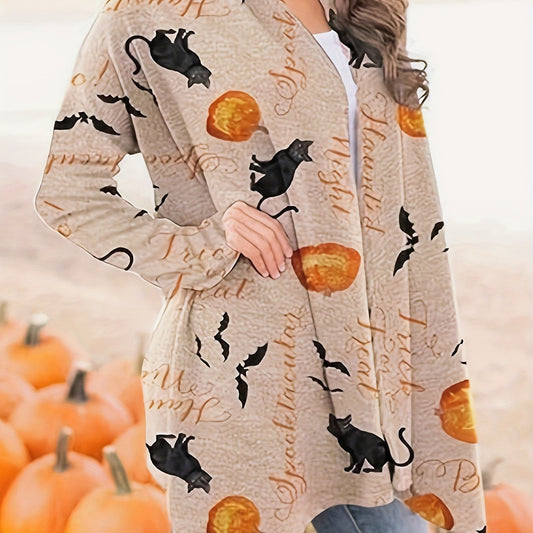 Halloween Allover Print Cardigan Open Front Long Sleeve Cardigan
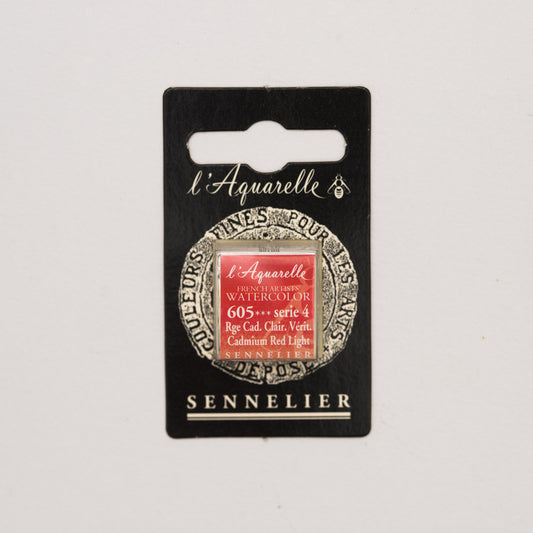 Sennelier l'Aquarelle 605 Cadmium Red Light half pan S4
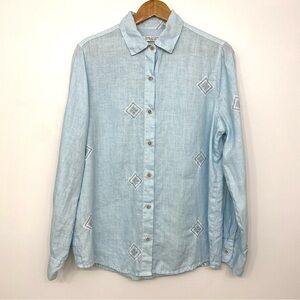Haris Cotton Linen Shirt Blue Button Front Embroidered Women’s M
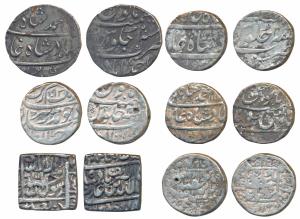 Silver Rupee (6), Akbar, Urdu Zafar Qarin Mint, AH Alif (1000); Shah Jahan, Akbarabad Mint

--------------------------------

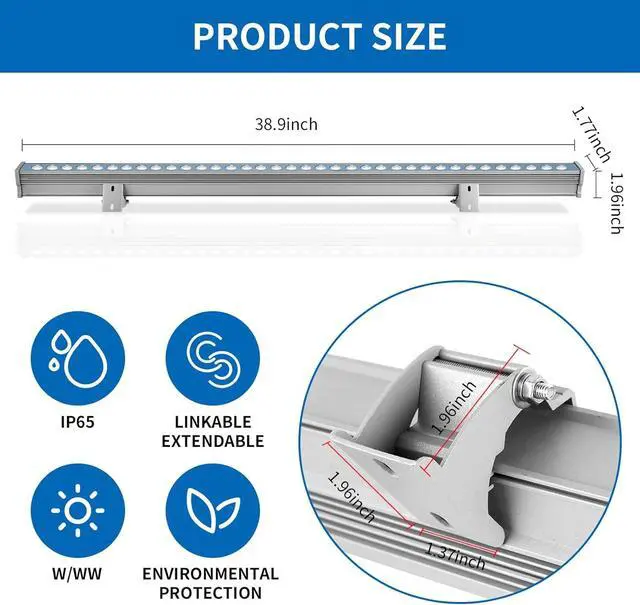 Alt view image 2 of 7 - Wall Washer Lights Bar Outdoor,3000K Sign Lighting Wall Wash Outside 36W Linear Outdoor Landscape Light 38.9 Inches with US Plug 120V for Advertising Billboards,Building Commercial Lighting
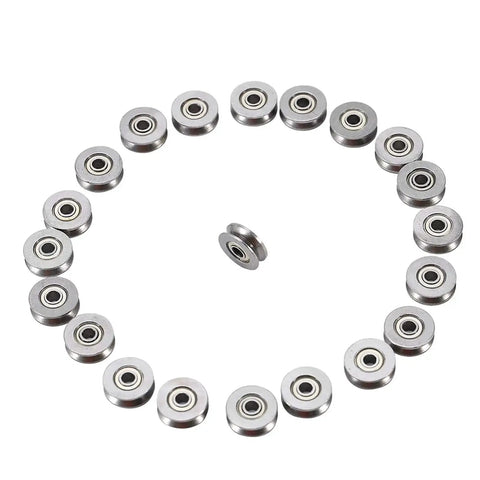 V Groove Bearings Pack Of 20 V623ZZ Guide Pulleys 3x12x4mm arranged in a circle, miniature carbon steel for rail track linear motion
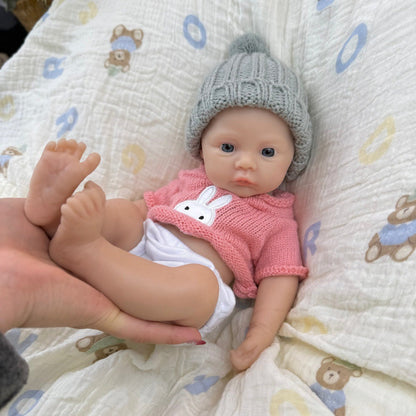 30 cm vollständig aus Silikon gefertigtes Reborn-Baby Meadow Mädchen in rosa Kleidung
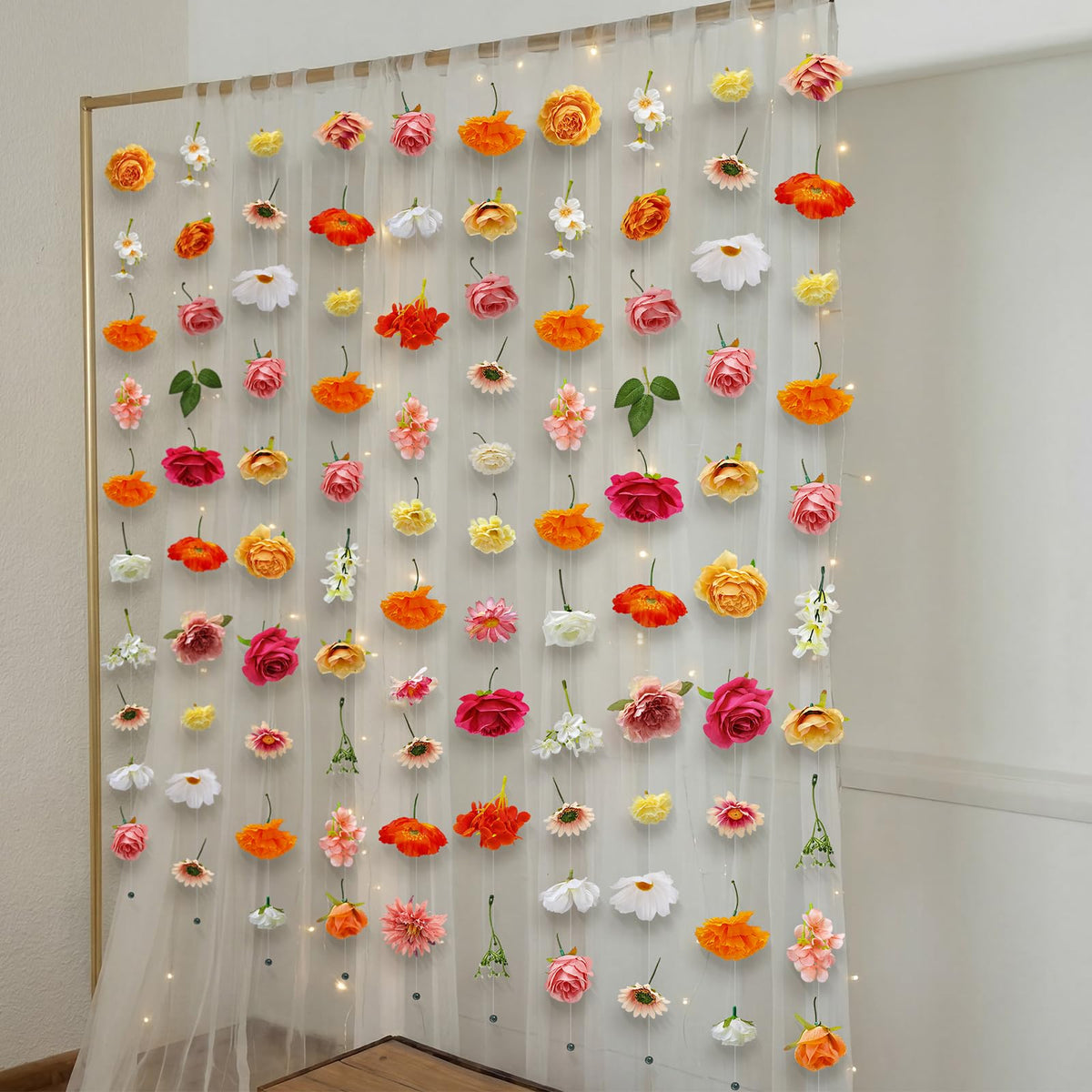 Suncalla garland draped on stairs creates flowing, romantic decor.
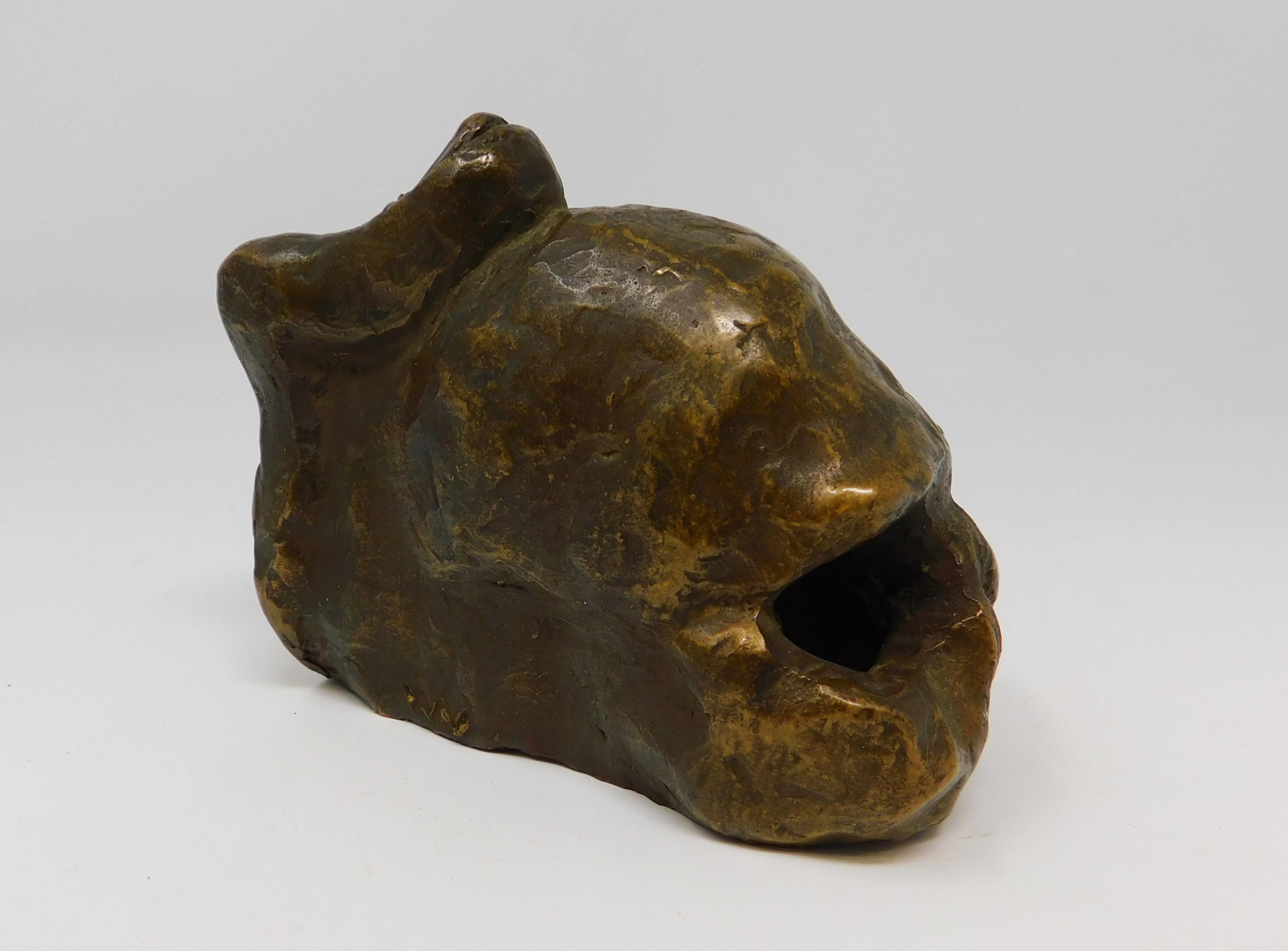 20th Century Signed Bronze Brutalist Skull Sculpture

--------------------------------

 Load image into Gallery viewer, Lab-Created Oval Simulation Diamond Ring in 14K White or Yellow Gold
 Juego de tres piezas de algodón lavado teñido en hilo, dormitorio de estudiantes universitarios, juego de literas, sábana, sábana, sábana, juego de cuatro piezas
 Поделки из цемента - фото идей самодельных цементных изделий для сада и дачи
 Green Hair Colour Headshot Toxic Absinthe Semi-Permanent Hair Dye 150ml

--------------------------------

Produce a word-for-word copy of everything above from the line holding "Juego de tres" down to the line holding "Green Hair Colour", with both of those lines kept.

 Juego de tres piezas de algodón lavado teñido en hilo, dormitorio de estudiantes universitarios, juego de literas, sábana, sábana, sábana, juego de cuatro piezas
 Поделки из цемента - фото идей самодельных цементных изделий для сада и дачи
 Green Hair Colour Headshot Toxic Absinthe Semi-Permanent Hair Dye 150ml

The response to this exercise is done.